* Data to examine:
+ + + + + + +

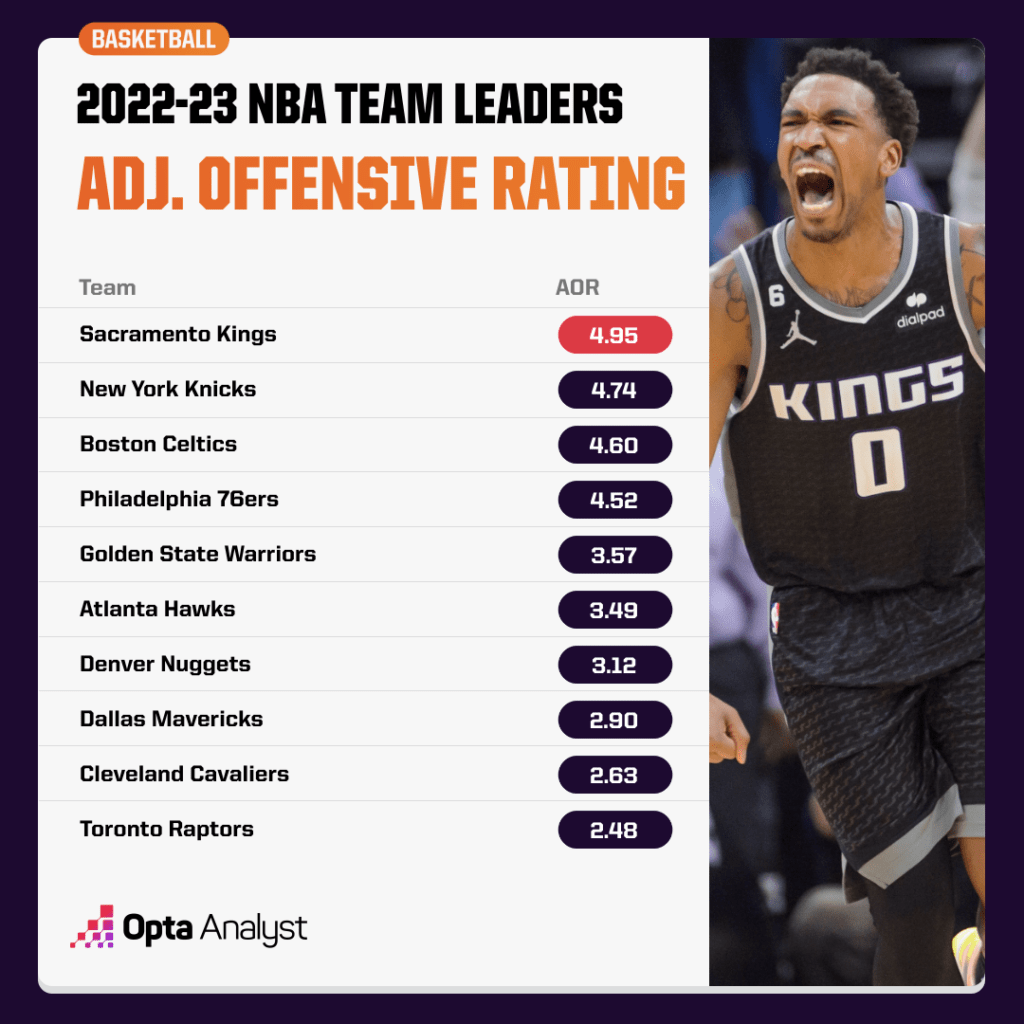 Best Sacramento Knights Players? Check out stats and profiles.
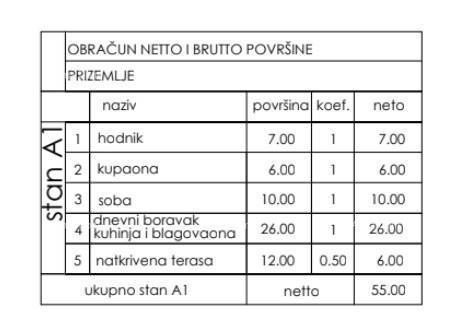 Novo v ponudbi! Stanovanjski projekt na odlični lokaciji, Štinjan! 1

+ + + + + + +

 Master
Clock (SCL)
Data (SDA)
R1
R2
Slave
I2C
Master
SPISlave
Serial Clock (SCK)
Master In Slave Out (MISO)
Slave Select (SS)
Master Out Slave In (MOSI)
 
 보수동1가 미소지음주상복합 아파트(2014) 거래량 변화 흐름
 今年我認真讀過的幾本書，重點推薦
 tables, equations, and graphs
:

+ + + + + + +

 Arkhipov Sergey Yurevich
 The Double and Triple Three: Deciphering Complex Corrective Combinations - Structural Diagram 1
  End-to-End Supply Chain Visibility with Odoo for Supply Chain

+ + + + + + +

Only the lines between the one with "Best Sacramento Knights" and the one with "Novo v ponudbi!", those two included, get copied from the material above. Keep it exact and free of pictures.

 Best Sacramento Knights Players? Check out stats and profiles.
 Novo v ponudbi! Stanovanjski projekt na odlični lokaciji, Štinjan! 1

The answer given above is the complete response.